__Exercise data__.
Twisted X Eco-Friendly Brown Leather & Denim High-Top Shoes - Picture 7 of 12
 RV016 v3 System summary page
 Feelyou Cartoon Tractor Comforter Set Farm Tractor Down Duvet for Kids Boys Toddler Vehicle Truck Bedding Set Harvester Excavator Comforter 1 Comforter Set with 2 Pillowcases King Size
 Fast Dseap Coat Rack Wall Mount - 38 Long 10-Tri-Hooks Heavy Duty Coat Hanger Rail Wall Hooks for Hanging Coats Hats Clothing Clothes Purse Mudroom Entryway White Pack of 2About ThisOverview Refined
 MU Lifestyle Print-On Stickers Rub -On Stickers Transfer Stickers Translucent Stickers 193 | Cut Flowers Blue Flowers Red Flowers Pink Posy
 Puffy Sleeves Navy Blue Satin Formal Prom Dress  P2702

__The task__. Take every line from the records above that has the word "Blue" and copy it.

__Response box__.
 MU Lifestyle Print-On Stickers Rub -On Stickers Transfer Stickers Translucent Stickers 193 | Cut Flowers Blue Flowers Red Flowers Pink Posy
 Puffy Sleeves Navy Blue Satin Formal Prom Dress  P2702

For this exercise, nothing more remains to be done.